◆ Required action: Each of the entries below should be written out exactly as it reads.

[Entries taken from a collection]
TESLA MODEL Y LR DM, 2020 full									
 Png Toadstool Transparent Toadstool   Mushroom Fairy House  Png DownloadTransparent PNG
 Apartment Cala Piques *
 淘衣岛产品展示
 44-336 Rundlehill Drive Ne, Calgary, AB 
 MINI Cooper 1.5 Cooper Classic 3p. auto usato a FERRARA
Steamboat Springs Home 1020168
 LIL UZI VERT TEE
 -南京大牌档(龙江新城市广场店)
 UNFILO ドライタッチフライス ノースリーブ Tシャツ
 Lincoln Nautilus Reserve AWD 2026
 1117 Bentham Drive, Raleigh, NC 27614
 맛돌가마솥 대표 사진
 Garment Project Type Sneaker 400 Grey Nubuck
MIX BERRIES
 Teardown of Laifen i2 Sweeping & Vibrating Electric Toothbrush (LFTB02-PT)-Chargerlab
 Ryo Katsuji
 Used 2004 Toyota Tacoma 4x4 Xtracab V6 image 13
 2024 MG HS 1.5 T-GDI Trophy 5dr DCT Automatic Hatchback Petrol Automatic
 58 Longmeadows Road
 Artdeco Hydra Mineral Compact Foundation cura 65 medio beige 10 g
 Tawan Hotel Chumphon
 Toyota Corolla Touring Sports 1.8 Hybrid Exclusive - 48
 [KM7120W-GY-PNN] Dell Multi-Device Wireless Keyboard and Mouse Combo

◆ Response:
TESLA MODEL Y LR DM, 2020 full									
 Png Toadstool Transparent Toadstool   Mushroom Fairy House  Png DownloadTransparent PNG
 Apartment Cala Piques *
 淘衣岛产品展示
 44-336 Rundlehill Drive Ne, Calgary, AB 
 MINI Cooper 1.5 Cooper Classic 3p. auto usato a FERRARA
Steamboat Springs Home 1020168
 LIL UZI VERT TEE
 -南京大牌档(龙江新城市广场店)
 UNFILO ドライタッチフライス ノースリーブ Tシャツ
 Lincoln Nautilus Reserve AWD 2026
 1117 Bentham Drive, Raleigh, NC 27614
 맛돌가마솥 대표 사진
 Garment Project Type Sneaker 400 Grey Nubuck
MIX BERRIES
 Teardown of Laifen i2 Sweeping & Vibrating Electric Toothbrush (LFTB02-PT)-Chargerlab
 Ryo Katsuji
 Used 2004 Toyota Tacoma 4x4 Xtracab V6 image 13
 2024 MG HS 1.5 T-GDI Trophy 5dr DCT Automatic Hatchback Petrol Automatic
 58 Longmeadows Road
 Artdeco Hydra Mineral Compact Foundation cura 65 medio beige 10 g
 Tawan Hotel Chumphon
 Toyota Corolla Touring Sports 1.8 Hybrid Exclusive - 48
 [KM7120W-GY-PNN] Dell Multi-Device Wireless Keyboard and Mouse Combo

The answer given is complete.